▶ [Task brief]
For this exercise, retype each line of the material below verbatim and omit any picture.

▶ [Raw data]
═══
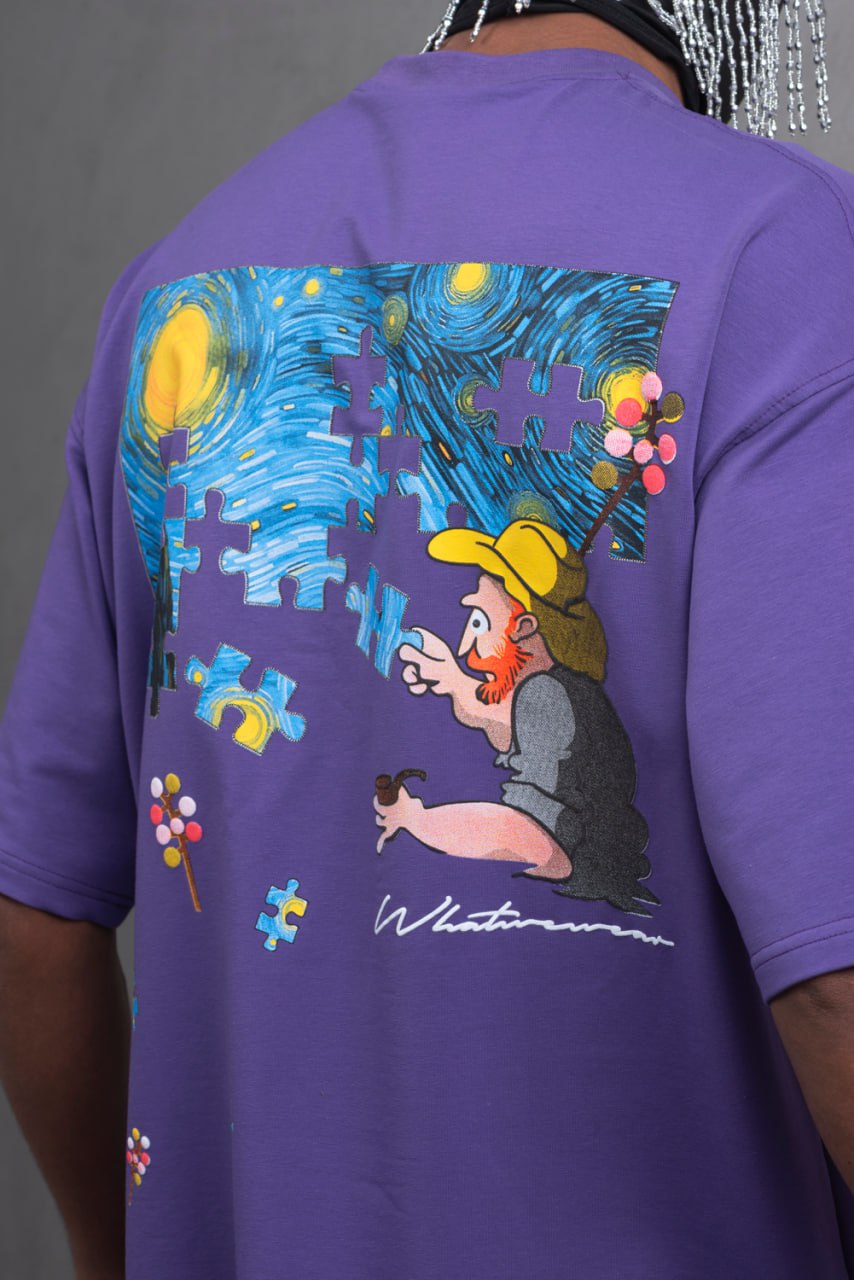 Oversize Cotton Tee – Starry Night  Graphic Print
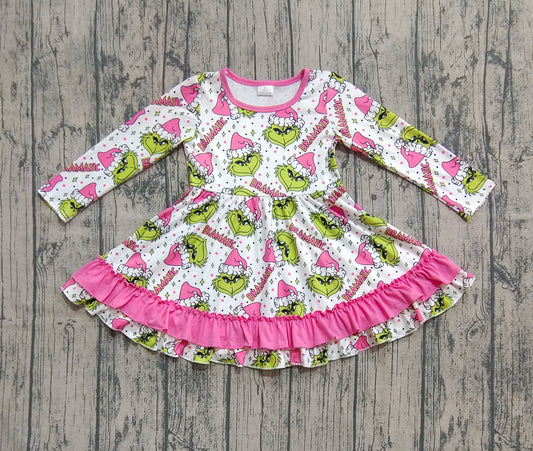 (Pre-order)GLD1234 Green Frog Pink Print Girls Christmas Ruffle Knee Length Dress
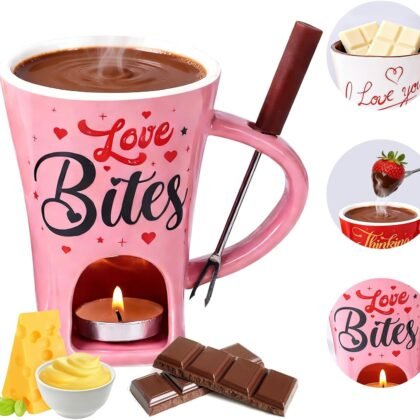 Chocolate Fondue Gift Set - Ceramic Mug with Fork & 2 Tealights for Melting Chocolate, Cheese, Candy | Valentine‘s, Birthday Present, Anniversary Gift for Date Night (Pink)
═══
▶ [Output of the task]
 Oversize Cotton Tee – Starry Night  Graphic Print
 (Pre-order)GLD1234 Green Frog Pink Print Girls Christmas Ruffle Knee Length Dress
 Chocolate Fondue Gift Set - Ceramic Mug with Fork & 2 Tealights for Melting Chocolate, Cheese, Candy | Valentine‘s, Birthday Present, Anniversary Gift for Date Night (Pink)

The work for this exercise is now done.